(Material to process begins)

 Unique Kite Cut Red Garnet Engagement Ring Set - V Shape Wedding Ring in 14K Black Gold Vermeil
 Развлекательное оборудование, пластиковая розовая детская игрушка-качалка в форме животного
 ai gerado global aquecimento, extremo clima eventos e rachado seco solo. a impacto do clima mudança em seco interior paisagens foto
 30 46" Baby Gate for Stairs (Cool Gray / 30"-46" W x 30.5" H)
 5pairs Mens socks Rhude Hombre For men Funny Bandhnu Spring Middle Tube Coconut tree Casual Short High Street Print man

(Material to process ends)
(Material to process begins)

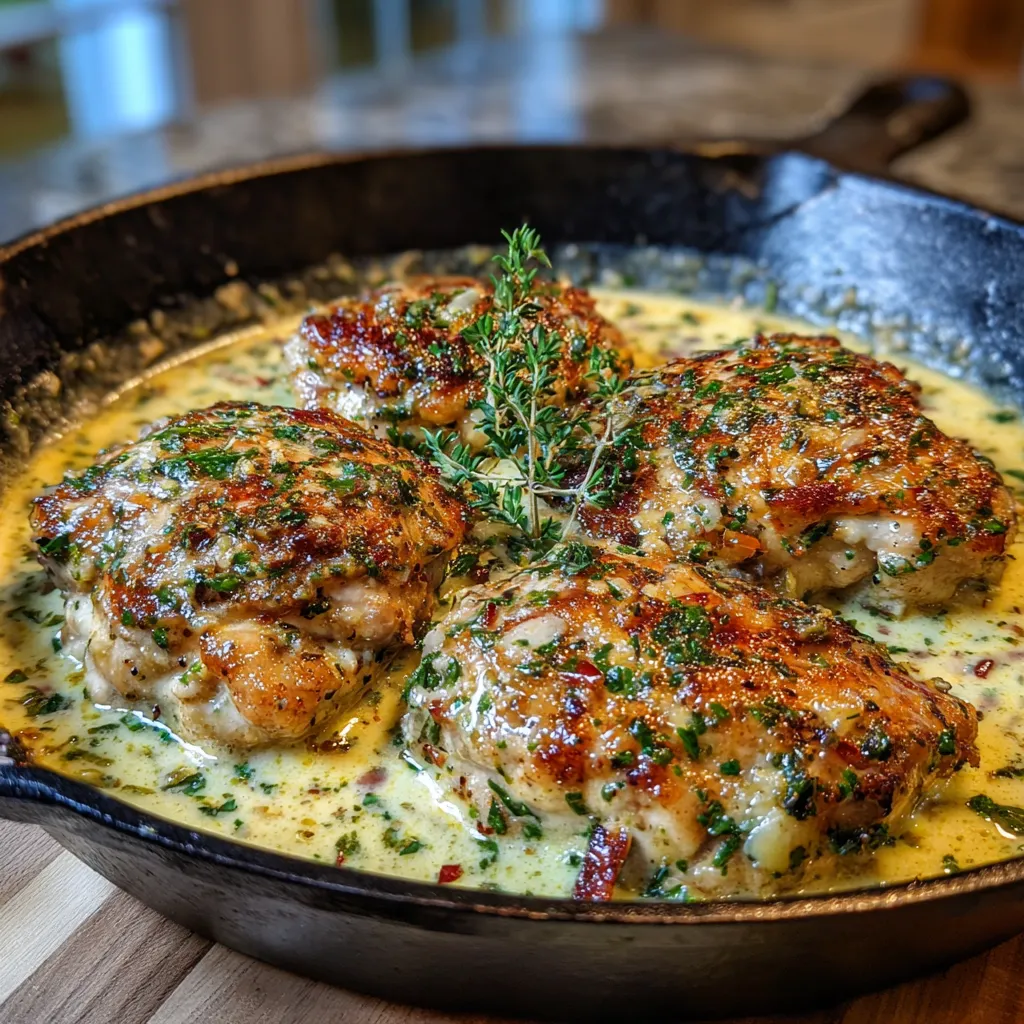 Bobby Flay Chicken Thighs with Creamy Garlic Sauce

(Material to process ends)

◆ **Task**: Above are some lines. Repeat exactly, and only, those from the line that has "Unique Kite Cut" through the line that has "5pairs Mens socks".

◆ **Exercise response**:
 Unique Kite Cut Red Garnet Engagement Ring Set - V Shape Wedding Ring in 14K Black Gold Vermeil
 Развлекательное оборудование, пластиковая розовая детская игрушка-качалка в форме животного
 ai gerado global aquecimento, extremo clima eventos e rachado seco solo. a impacto do clima mudança em seco interior paisagens foto
 30 46" Baby Gate for Stairs (Cool Gray / 30"-46" W x 30.5" H)
 5pairs Mens socks Rhude Hombre For men Funny Bandhnu Spring Middle Tube Coconut tree Casual Short High Street Print man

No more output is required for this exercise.